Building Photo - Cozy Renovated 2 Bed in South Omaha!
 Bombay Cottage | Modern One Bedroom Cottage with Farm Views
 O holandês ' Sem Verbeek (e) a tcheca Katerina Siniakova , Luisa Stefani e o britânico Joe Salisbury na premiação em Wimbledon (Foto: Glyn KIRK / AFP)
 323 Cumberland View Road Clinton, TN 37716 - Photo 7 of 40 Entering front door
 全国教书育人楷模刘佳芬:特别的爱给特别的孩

**Work instruction:** Every line that holds the string "Photo" must be copied from the records above.

**Task response:**
Building Photo - Cozy Renovated 2 Bed in South Omaha!
 323 Cumberland View Road Clinton, TN 37716 - Photo 7 of 40 Entering front door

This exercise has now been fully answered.